This was one of the New York Times 100 Best Books of the 21st Century? This? Friends, I loathed this book. 160 pages was probably 150 pages too many. There were few if any likeable characters, no one had a unique voice, and the crassness wasn’t shocking in an absurdist way, it was just unpleasant.
I picked this up because of the New York Times list and because it fit one of this year’s PopSugar Reading Challenge prompts: a book with a one-word title you had to look up. I thought, perfect! This is supposed to be a collection of hilarious short stories, let’s go! But when I started reading I didn’t find it funny, I just found it off-putting and eventually boring. When every internal monologue sounds the same it ceases to be an incisive look at humanity and simply becomes a cynical one-trick pony. Is everyone so racist? Is everyone so hate-filled and constantly filled with derogatory thoughts towards others? Or this just what George Saunders assumes we’re all like?

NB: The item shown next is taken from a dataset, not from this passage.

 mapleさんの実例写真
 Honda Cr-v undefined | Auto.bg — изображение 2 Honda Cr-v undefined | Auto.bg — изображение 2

I really cannot put into words how badly I disliked this book. I read it on my Kindle each turned page was a slog. Each update to the page count meant that the ending wasn’t coming quickly enough. And each awful character was something else that just made my day worse. Honestly, if this didn’t fill a prompt for my reading challenge I would have DNF’d it, that’s how much I did not like this. Sorry to Saunders’ fans and those who liked this book, but if Goodreads let me give this zero stars I would. Now I’m wishing I’d read Eleutheria instead.